Task: Write every line below out again exactly, images omitted.

The data:
☆ ☆ ☆
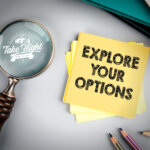 Magnifying glass on tabletop with yellow sticky note that says "explore your options."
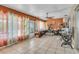 Expansive living area featuring tile floors, and access to the patio at 525 Skylark Nw Ln, Port Charlotte, FL 33952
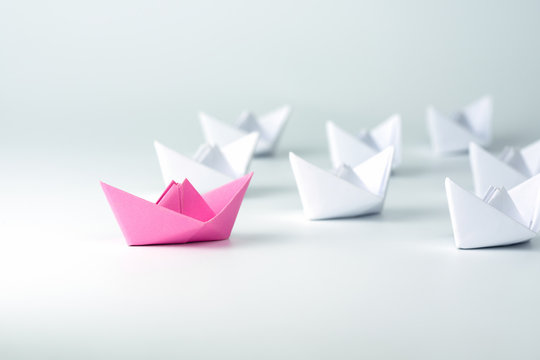 Woman Leadership concept with pink paper ship leading among white on white background.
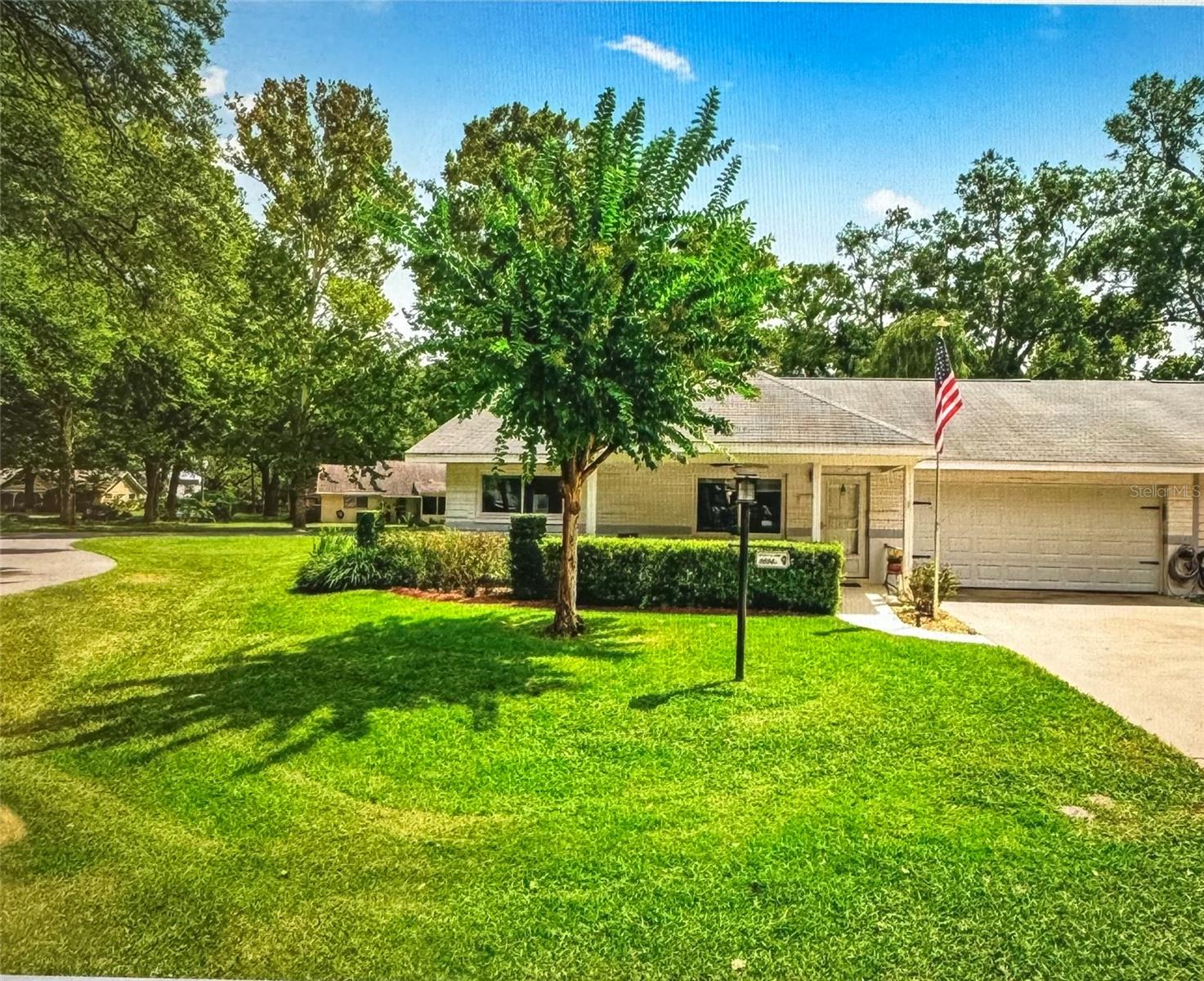 One or more photo(s) has been virtually staged. SPACIOUS MONTGOMERY CORNER UNIT! FURNISHED! TURN-KEY! GOLF CAR INCLUDED! This inviting 2-bedroom, 2-bathroom, 2 car garage unit sits on a desirable corner lot along a picturesque tree-lined street, offering charm and curb appeal. At the heart of the home, the kitchen features new tile flooring, recessed lighting, a pantry, a spacious island, perfect for everyday living and entertaining. 2 solar tubes help brighten the interior with abundant natural light. The primary suite provides a generous retreat with a walk-in closet and a beautifully updated bathroom showcasing oversized walk-in shower including built in seat, decorative grab bar, and glass enclosure. A true highlight is the additional bonus room, offering extra living space that can be used as a home office, hobby room, or relaxing family room, complemented by an additional screened lanai to enjoy the outdoors. With its prime location and spacious layout and 2 car garage includes a new garage door as well, this home delivers comfort, convenience, and curb appeal all in one. Located in On Top of the World, Ocala’s premier gated 55+ community. Residents enjoy world-class amenities and golf cart access to nearby shopping, dining, and medical facilities. Plus, you’ll be just a short drive from the renowned World Equestrian Center. Schedule your private tour today—please note, verbal offers will not be accepted.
☆ ☆ ☆
Exercise output:
 Magnifying glass on tabletop with yellow sticky note that says "explore your options."
 Expansive living area featuring tile floors, and access to the patio at 525 Skylark Nw Ln, Port Charlotte, FL 33952
 Woman Leadership concept with pink paper ship leading among white on white background.
 One or more photo(s) has been virtually staged. SPACIOUS MONTGOMERY CORNER UNIT! FURNISHED! TURN-KEY! GOLF CAR INCLUDED! This inviting 2-bedroom, 2-bathroom, 2 car garage unit sits on a desirable corner lot along a picturesque tree-lined street, offering charm and curb appeal. At the heart of the home, the kitchen features new tile flooring, recessed lighting, a pantry, a spacious island, perfect for everyday living and entertaining. 2 solar tubes help brighten the interior with abundant natural light. The primary suite provides a generous retreat with a walk-in closet and a beautifully updated bathroom showcasing oversized walk-in shower including built in seat, decorative grab bar, and glass enclosure. A true highlight is the additional bonus room, offering extra living space that can be used as a home office, hobby room, or relaxing family room, complemented by an additional screened lanai to enjoy the outdoors. With its prime location and spacious layout and 2 car garage includes a new garage door as well, this home delivers comfort, convenience, and curb appeal all in one. Located in On Top of the World, Ocala’s premier gated 55+ community. Residents enjoy world-class amenities and golf cart access to nearby shopping, dining, and medical facilities. Plus, you’ll be just a short drive from the renowned World Equestrian Center. Schedule your private tour today—please note, verbal offers will not be accepted.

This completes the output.